6. Who are the most important players of 2014?

The first 10 names that pop into my head, without analysis or explanation (other than to say these are players with a great deal of potential volatility in their performance or a high degree injury risk):

1. Derek Jeter, Yankees
2. Hanley Ramirez, Dodgers
3. Tim Lincecum, Giants
4. Billy Hamilton, Reds
5. Francisco Liriano, Pirates
6. Scott Kazmir, A's
7. Albert Pujols, Angels
8. Michael Wacha, Cardinals
9. B.J. Upton, Braves
10. Ubaldo Jimenez, Orioles

7. Which team is baseball's worst?

I'm going with the Astros, although it wouldn't surprise me to see the Phillies plummet to the bottom. Or the Twins. If you want a dark horse team, how about the Blue Jays? The rotation could be a disaster and if even Jose Bautista, Jose Reyes and/or Edwin Encarnacion suffer lengthy injuries, the offense could collapse, as well.

8. Is offense going to decrease across the league again?

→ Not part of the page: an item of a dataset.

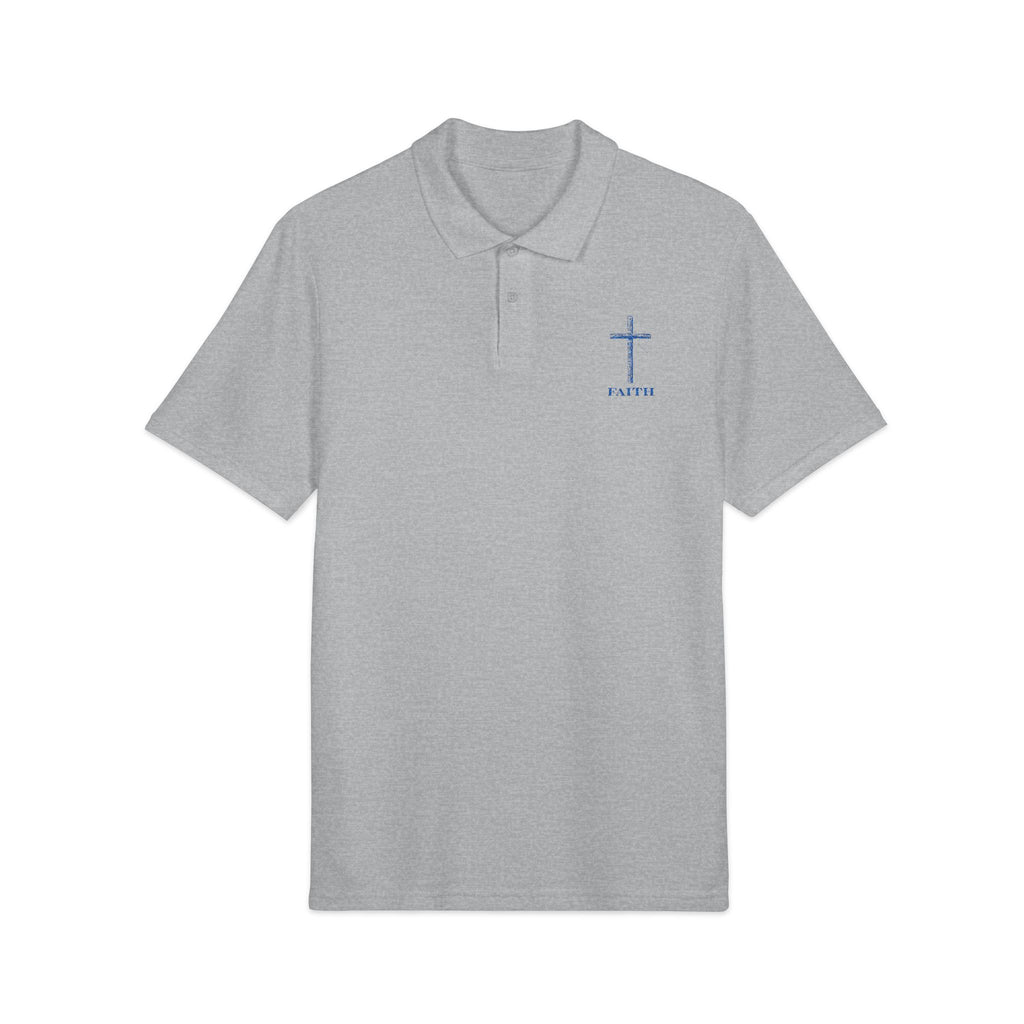 Believe Faith Embroidered Pique Polo Shirt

Considering there's going to be even more drug testing this year, I'll say it drops a tiny bit. Here are the runs per game totals in recent seasons:

2006: 4.86
2007: 4.80
2008: 4.65
2009: 4.61
2010: 4.38
2011: 4.28
2012: 4.32
2013: 4.17

The increased use of defensive shifts will continue to make it harder to hit singles, and the pitching just seems to get better and better. Yes, we had several guys go down with season-ending injuries in spring training -- most notably Medlen, Jarrod Parker and Patrick Corbin -- but we've added Tanaka, we'll get full seasons from the likes of Wacha and Gerrit Cole and Sonny Gray and Chris Archer and Tony Cingrani, and other young guns such as Taijuan Walker, Eddie Butler, Jonathan Gray, Archie Bradley and Jameson Taillon could make major impacts. Plus, Joe Blanton won't be in the Angels' rotation.

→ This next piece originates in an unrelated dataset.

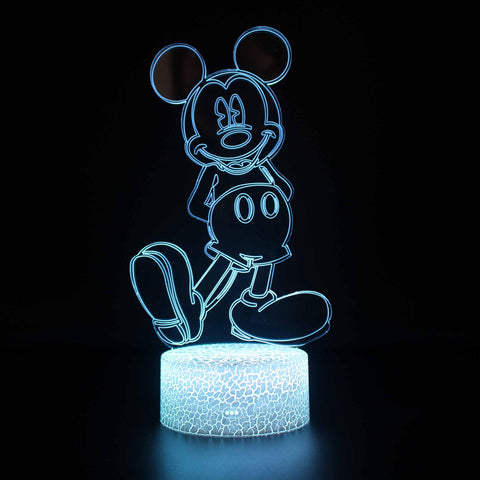 3D Touch Light Night 7 colors remote control - Mickey #491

9. Who is this year's Pirates?

By "this year's Pirates," we mean a team that finishes under .500 the year before and unexpectedly soars into the playoffs. We actually had three such teams make the playoffs last year: the Pirates, Red Sox and Indians. In 2012, we had the Orioles, A's, Reds and Nationals. In 2011, we had the Brewers and Diamondbacks. In 2010, we had the Reds.

The Royals don't count because they won 86 games last year, so improving a few wins and reaching the playoffs wouldn't be a surprise.

Technically, the Giants fit since they were below .500, but they would hardly be a surprise team just two years after winning the World Series.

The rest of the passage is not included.